WHAT YOU WILL DO - Only one portion of the data is to be written out: from the line bearing "Vista aérea del" through the line bearing "Tropitone Lounger". Write it exactly as it appears.

-------- PROVIDED RECORDS --------

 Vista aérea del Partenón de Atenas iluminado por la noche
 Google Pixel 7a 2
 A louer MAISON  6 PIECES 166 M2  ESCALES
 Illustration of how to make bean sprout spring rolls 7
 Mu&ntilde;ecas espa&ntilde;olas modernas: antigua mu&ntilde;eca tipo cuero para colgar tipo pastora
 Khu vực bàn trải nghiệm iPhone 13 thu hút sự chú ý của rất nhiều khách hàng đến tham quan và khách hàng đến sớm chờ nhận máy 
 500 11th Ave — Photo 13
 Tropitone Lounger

--------
-------- PROVIDED RECORDS --------

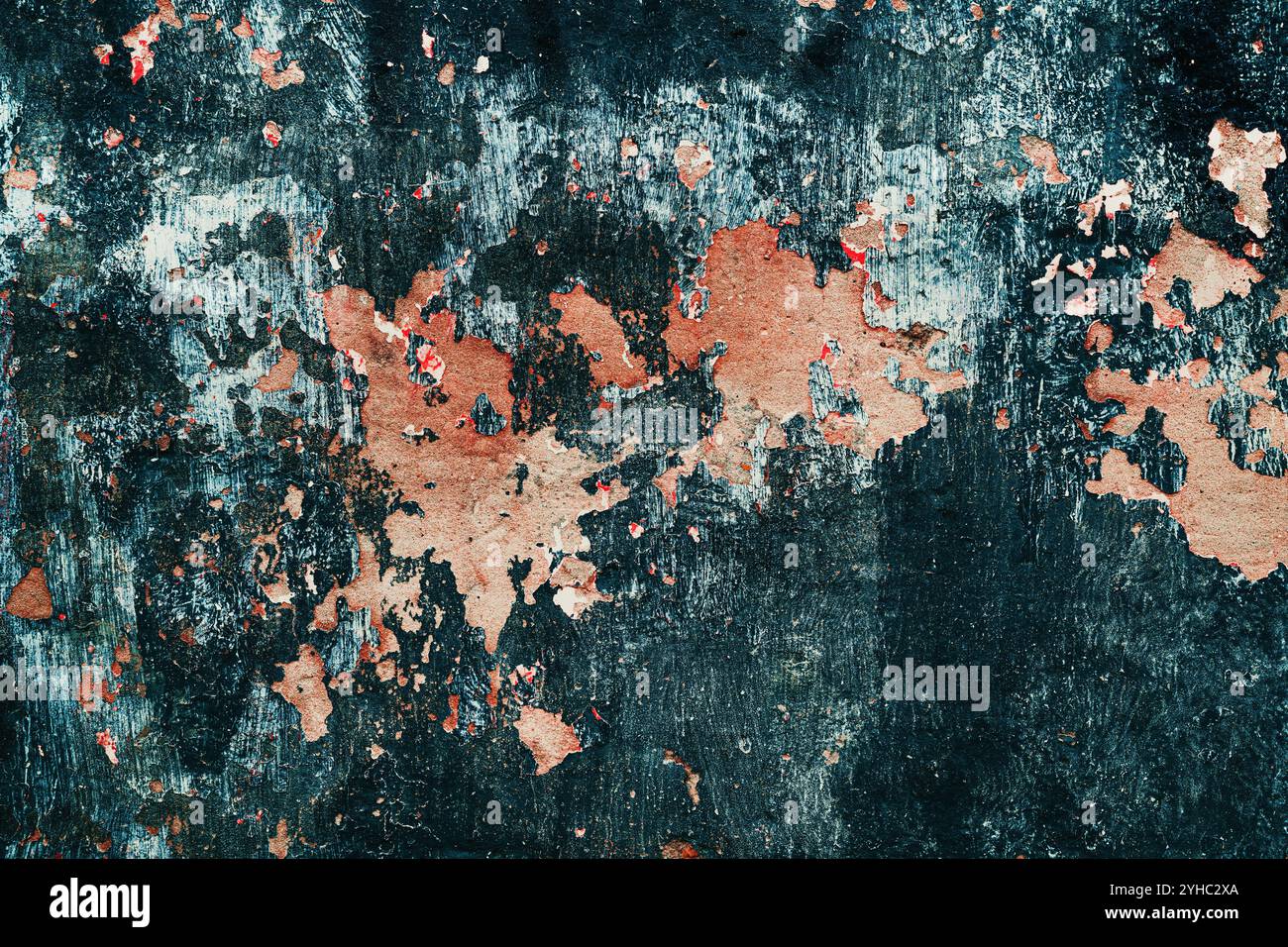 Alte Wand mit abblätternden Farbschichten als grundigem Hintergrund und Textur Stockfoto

--------

RESPONSE AREA -
 Vista aérea del Partenón de Atenas iluminado por la noche
 Google Pixel 7a 2
 A louer MAISON  6 PIECES 166 M2  ESCALES
 Illustration of how to make bean sprout spring rolls 7
 Mu&ntilde;ecas espa&ntilde;olas modernas: antigua mu&ntilde;eca tipo cuero para colgar tipo pastora
 Khu vực bàn trải nghiệm iPhone 13 thu hút sự chú ý của rất nhiều khách hàng đến tham quan và khách hàng đến sớm chờ nhận máy 
 500 11th Ave — Photo 13
 Tropitone Lounger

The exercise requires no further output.